WHAT YOU WILL DO
Take the records below from their first line through the line holding "Inflatable Dog Cone", and set each of those lines down exactly, without pictures.

BEGIN DATA TO EXAMINE

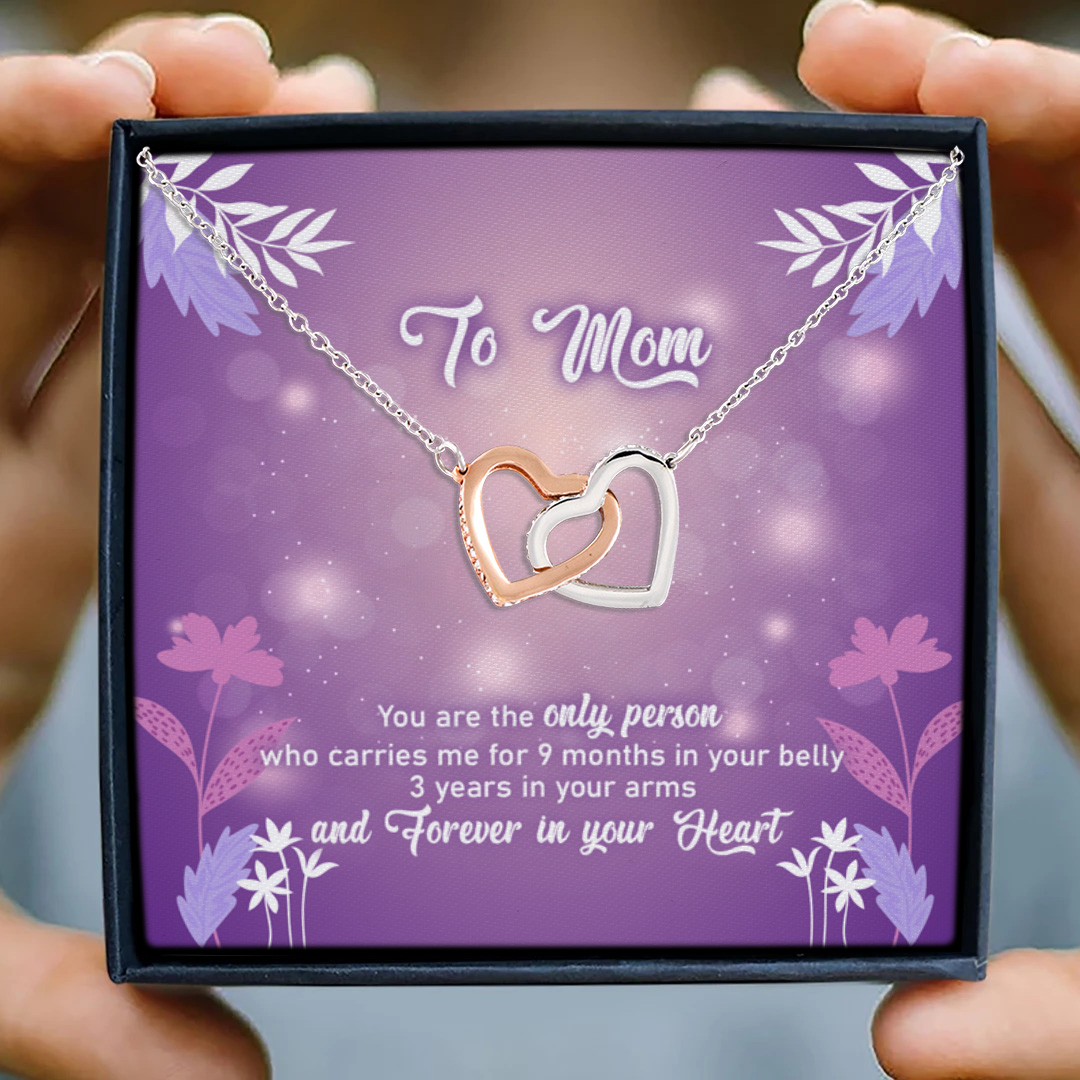 17 HG. To Mom 9 Months Message Card (4) Interlocking Hearts Necklace 3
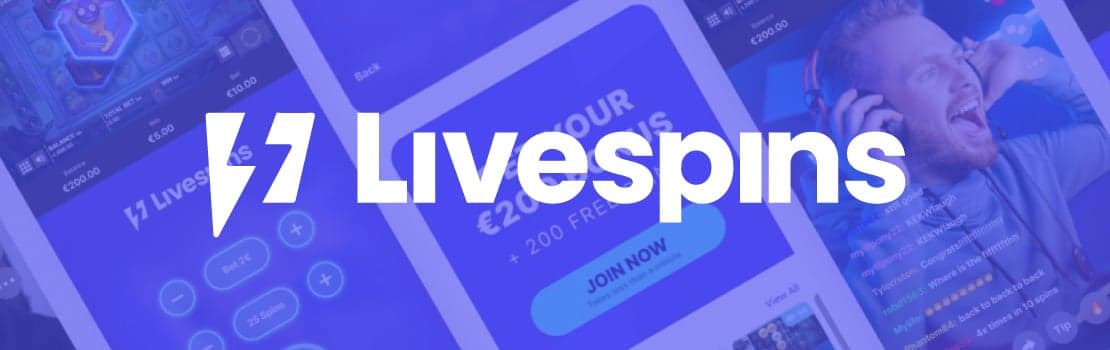 Livespins-kasinot kirjoituksen kuvassa on valkoinen Livespins-logo sinisellä taustalla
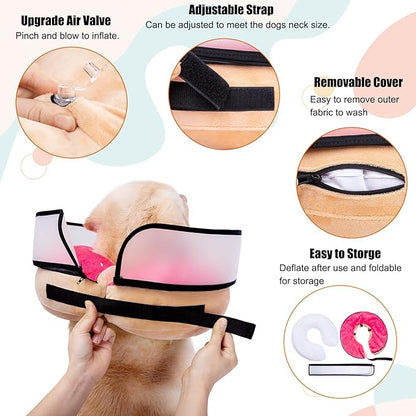 Inflatable Dog Cone Collar with Enhanced Anti-Licking, Soft Neck Donut for Dogs Cats, Recovery Pet Cone Collar After Surgery for Large Medium Small Dogs… (Donut Pink, Medium)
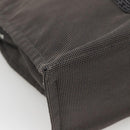 HERMES Her Line MM Hand Bag Canvas Gray Silver Auth 141514-16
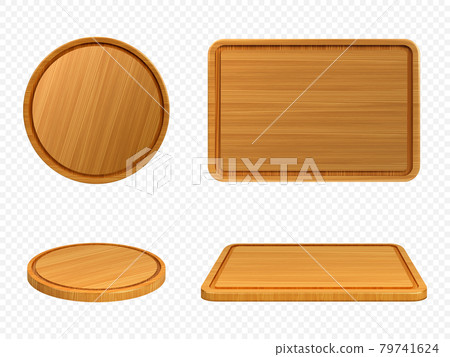 Wooden pizza and cutting boards top or front view 79741624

END DATA TO EXAMINE

RESULT OF THIS EXERCISE
 17 HG. To Mom 9 Months Message Card (4) Interlocking Hearts Necklace 3
 Livespins-kasinot kirjoituksen kuvassa on valkoinen Livespins-logo sinisellä taustalla
 Inflatable Dog Cone Collar with Enhanced Anti-Licking, Soft Neck Donut for Dogs Cats, Recovery Pet Cone Collar After Surgery for Large Medium Small Dogs… (Donut Pink, Medium)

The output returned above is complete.